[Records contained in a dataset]
────

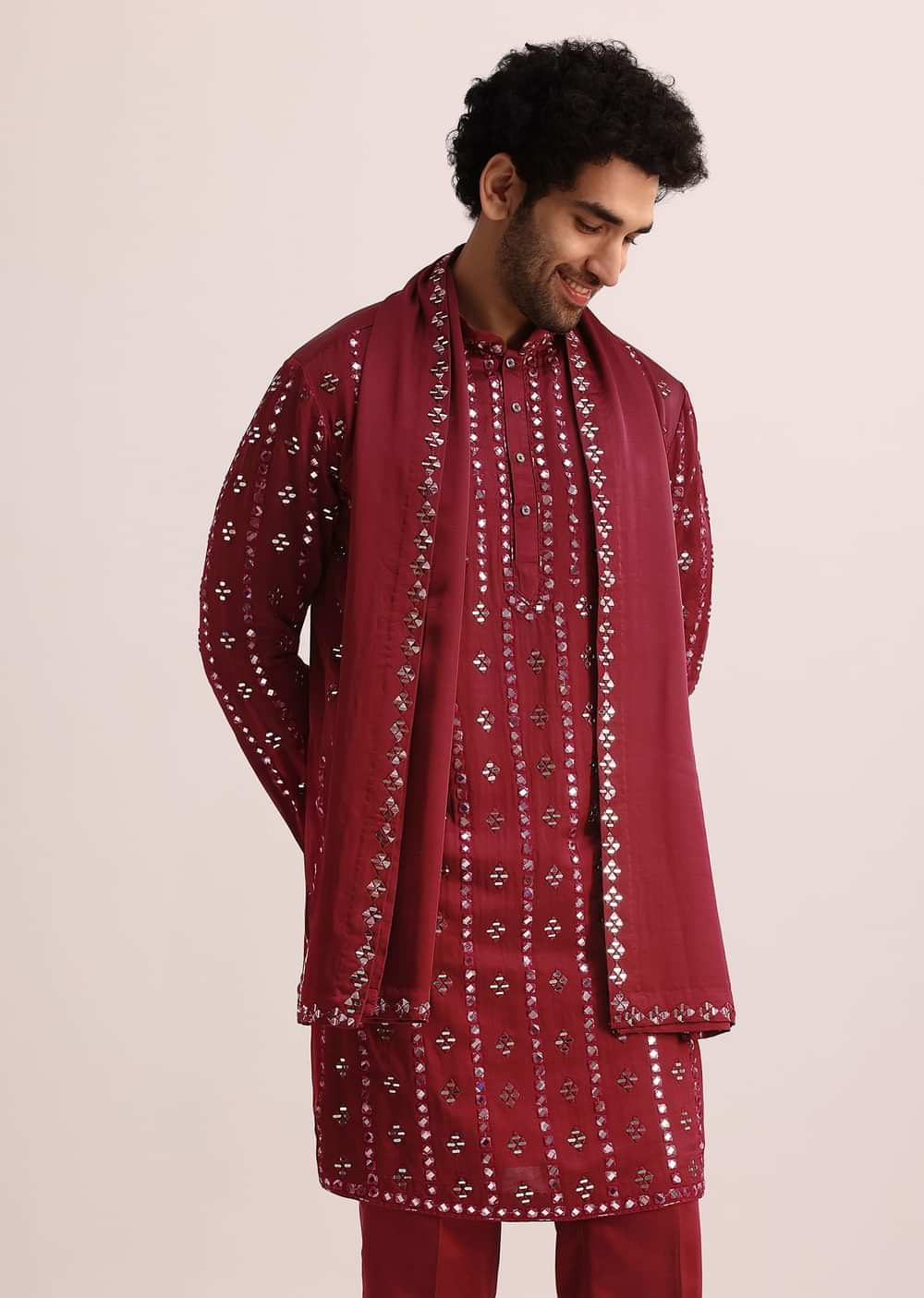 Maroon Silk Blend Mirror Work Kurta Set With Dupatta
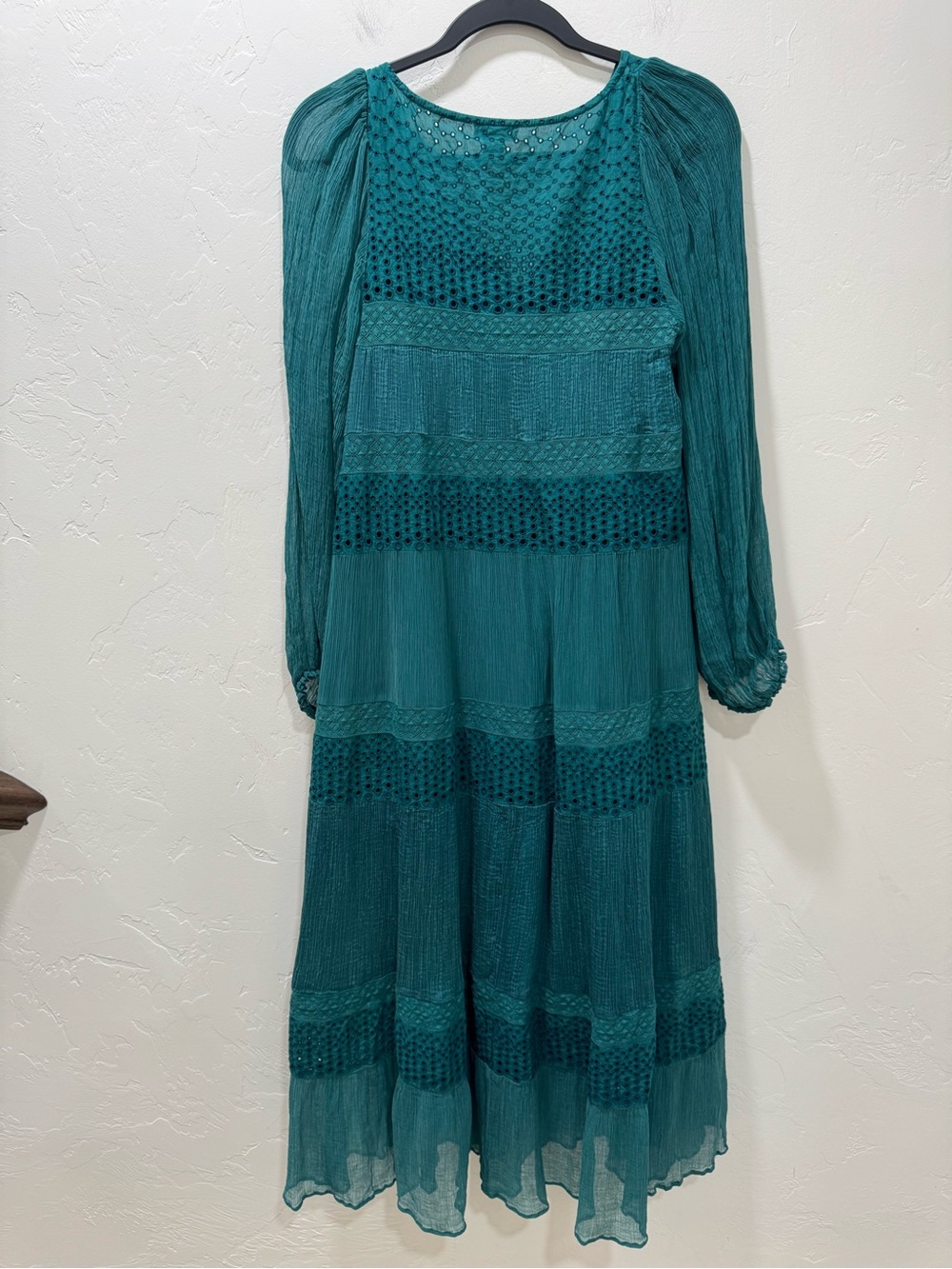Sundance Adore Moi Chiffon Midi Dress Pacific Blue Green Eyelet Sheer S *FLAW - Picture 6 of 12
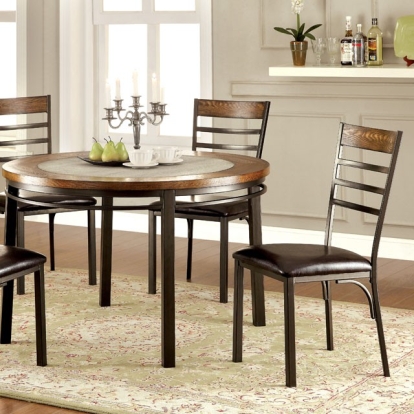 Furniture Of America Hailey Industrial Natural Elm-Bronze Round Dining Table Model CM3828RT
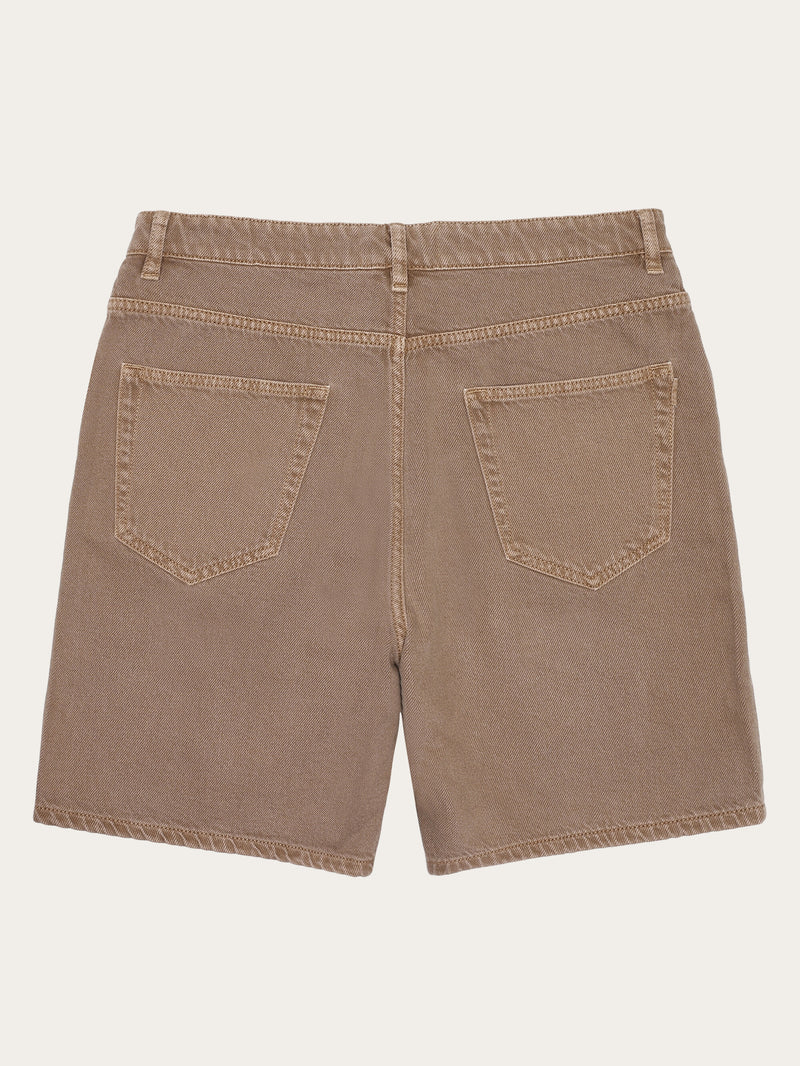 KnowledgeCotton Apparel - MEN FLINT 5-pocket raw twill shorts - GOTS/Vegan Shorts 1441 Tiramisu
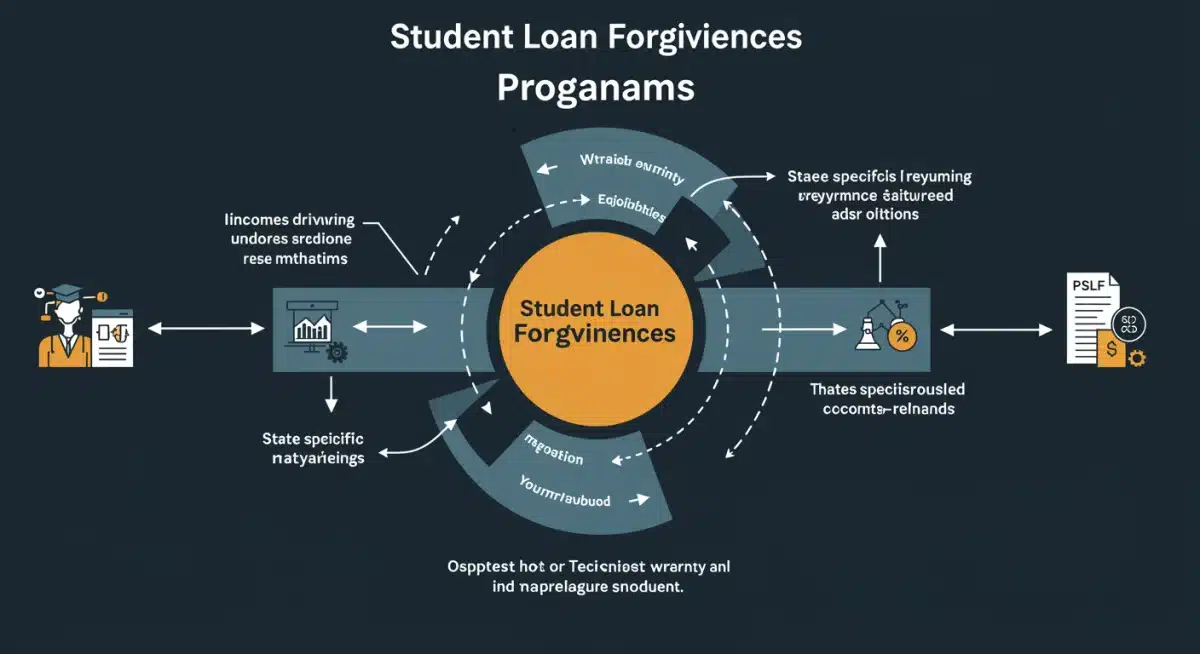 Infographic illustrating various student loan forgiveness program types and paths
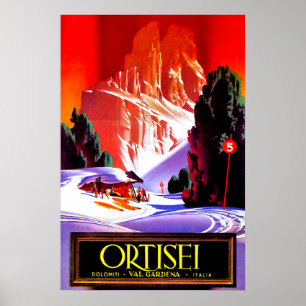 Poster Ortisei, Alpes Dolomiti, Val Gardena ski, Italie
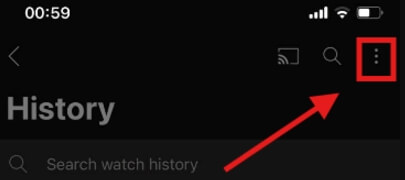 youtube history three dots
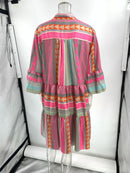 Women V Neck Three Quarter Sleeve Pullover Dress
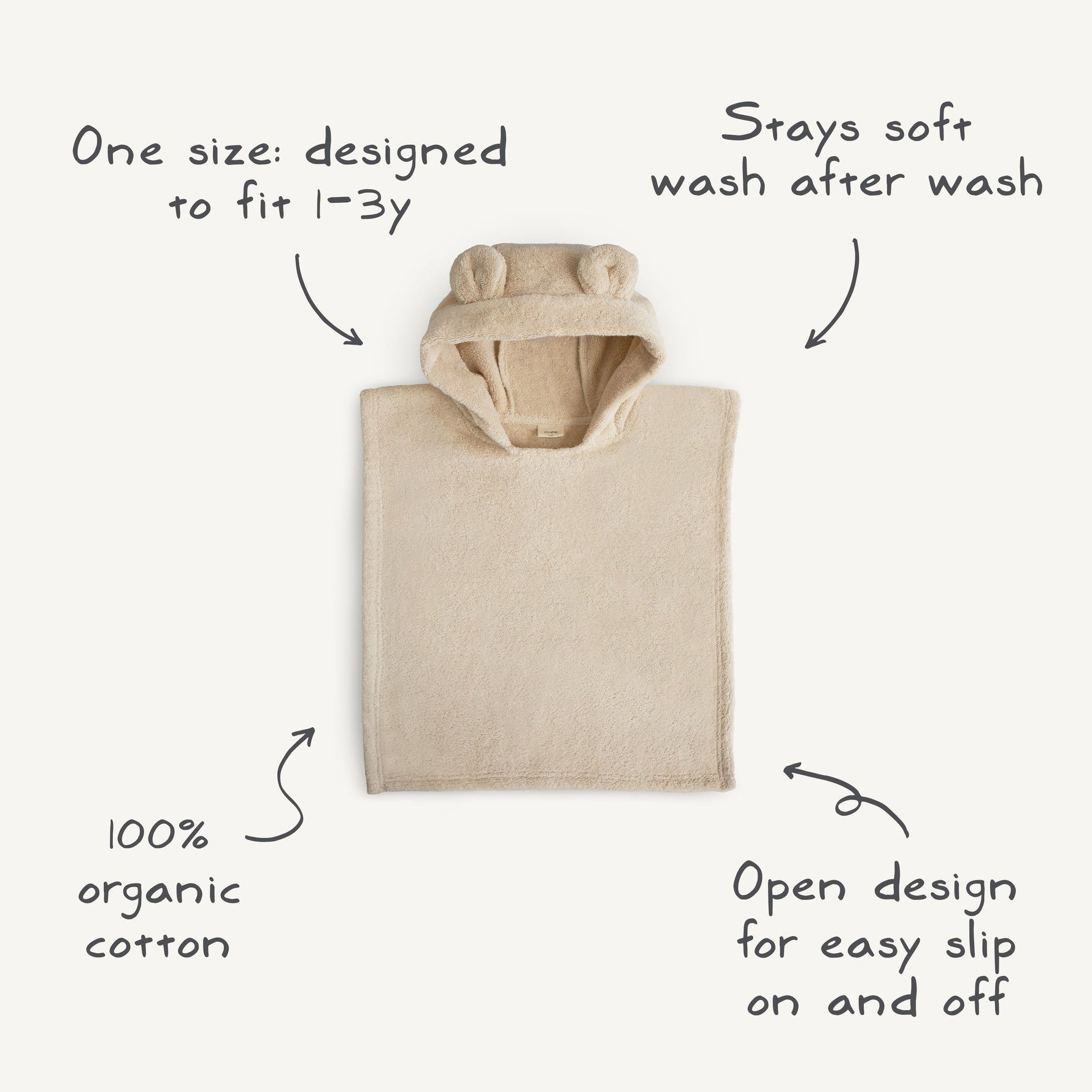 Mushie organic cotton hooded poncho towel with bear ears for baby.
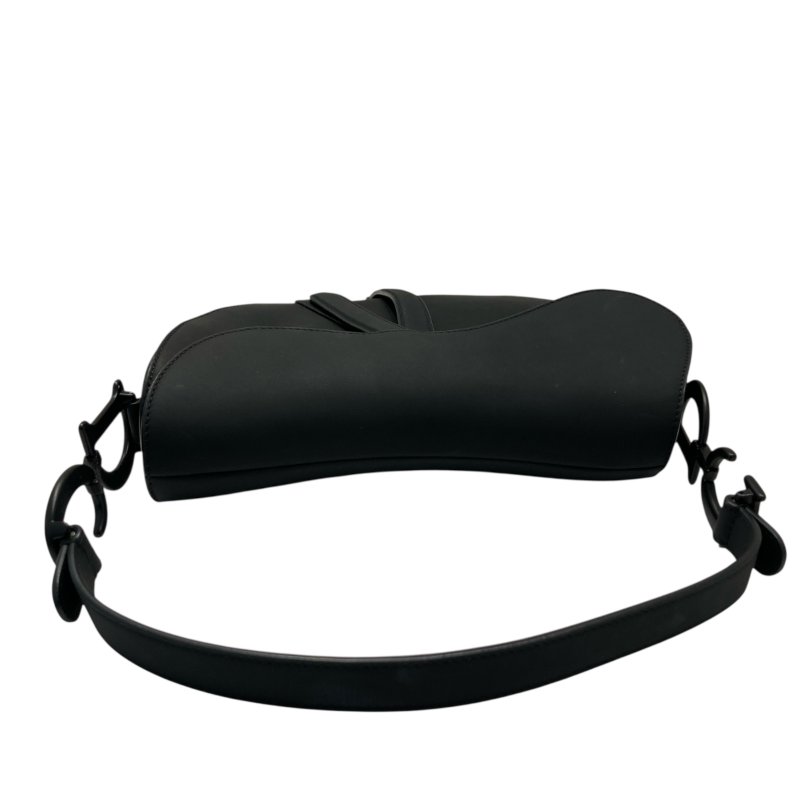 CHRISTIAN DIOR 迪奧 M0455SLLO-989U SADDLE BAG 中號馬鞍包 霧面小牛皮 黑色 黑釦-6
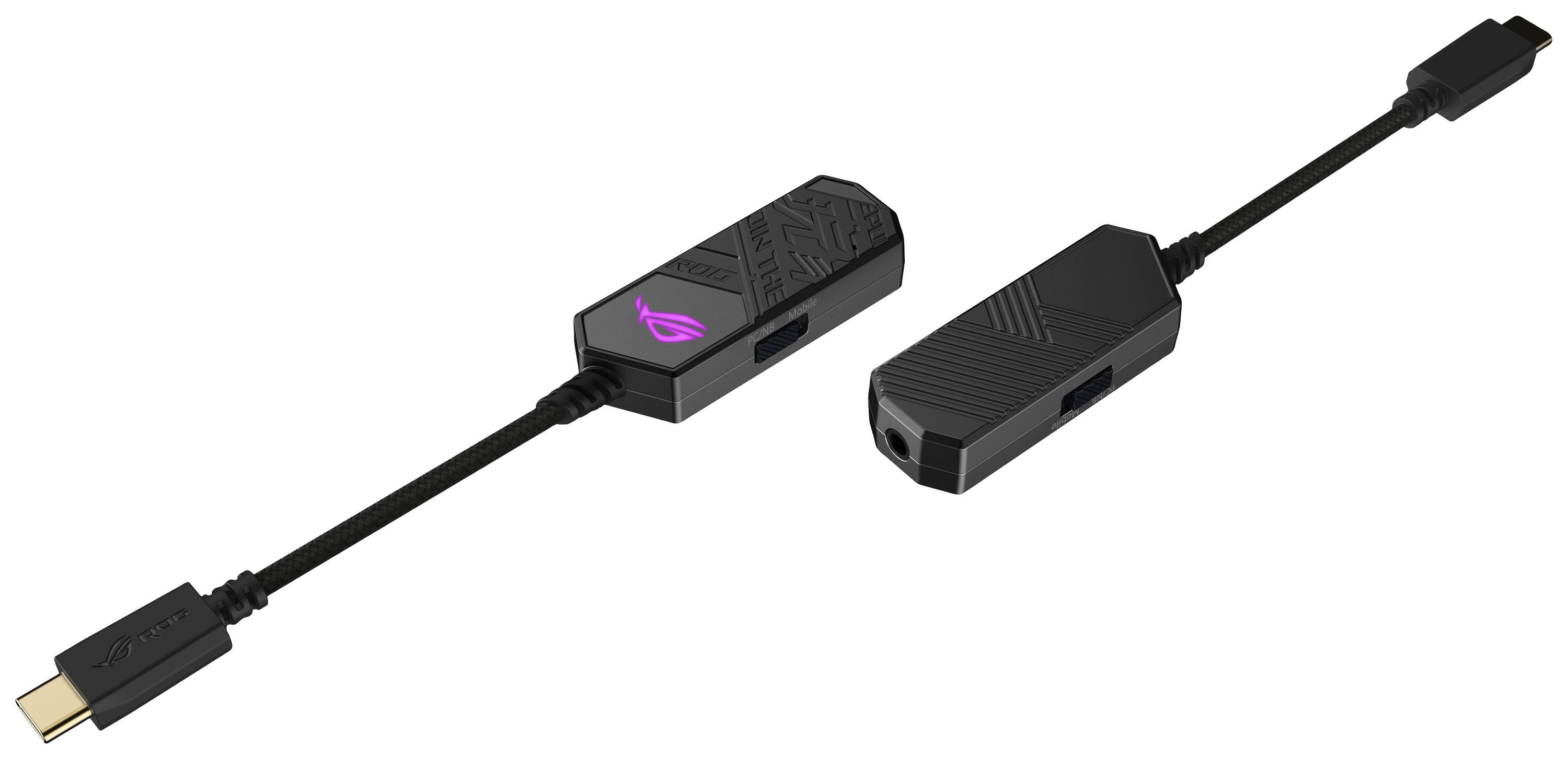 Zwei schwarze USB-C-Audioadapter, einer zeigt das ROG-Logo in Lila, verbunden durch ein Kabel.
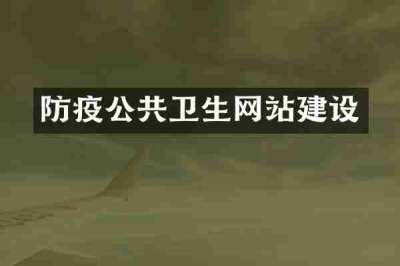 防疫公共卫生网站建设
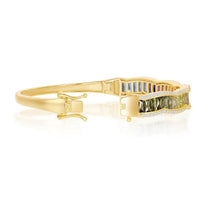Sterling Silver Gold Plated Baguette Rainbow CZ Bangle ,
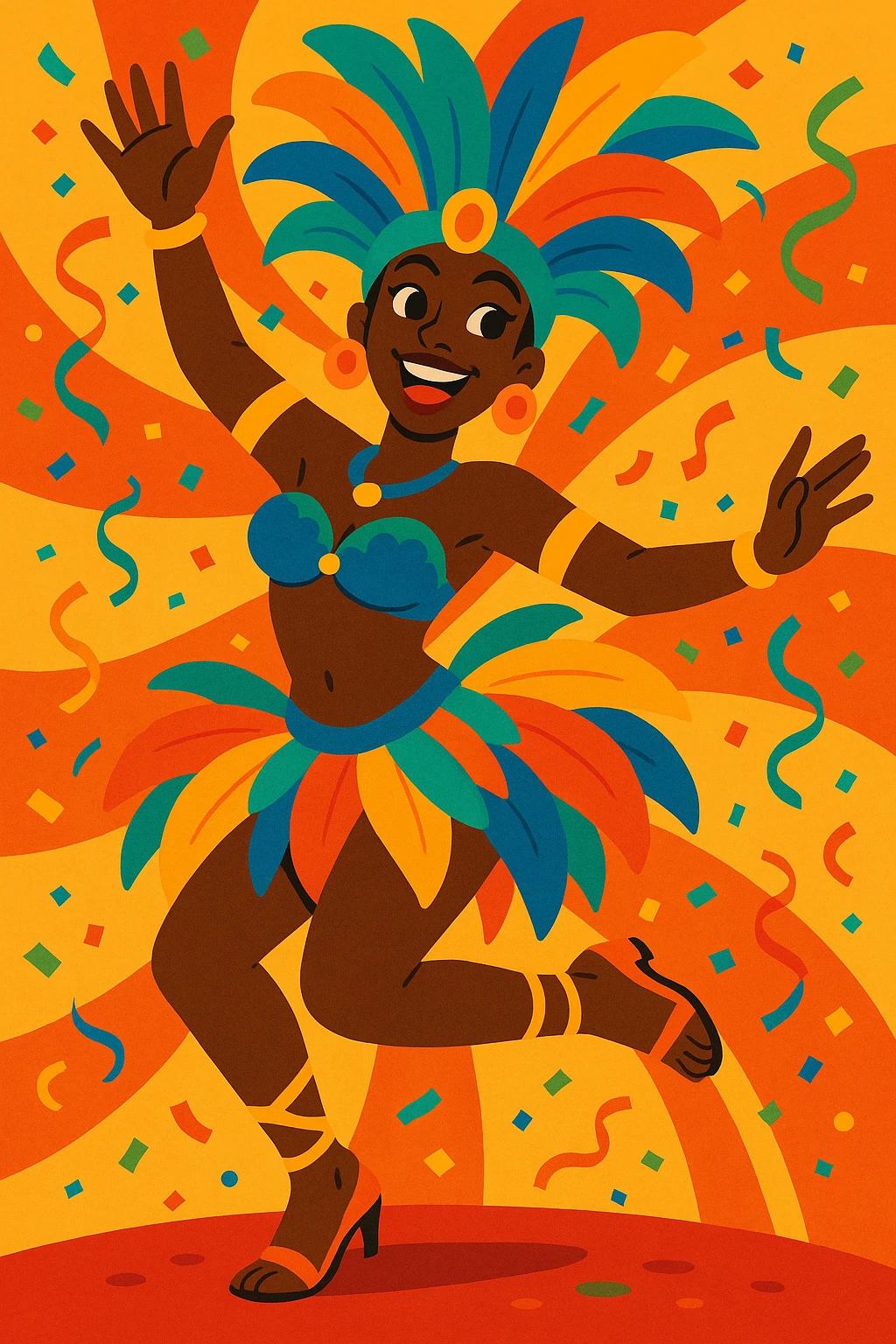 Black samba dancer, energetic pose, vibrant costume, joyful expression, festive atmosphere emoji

────

*What you have to do*. Only the lines from the one with "Sterling Silver Gold" through the final line of the entries above should be transcribed, exactly and without pictures.

*Task solution*.
Sterling Silver Gold Plated Baguette Rainbow CZ Bangle ,
 Black samba dancer, energetic pose, vibrant costume, joyful expression, festive atmosphere emoji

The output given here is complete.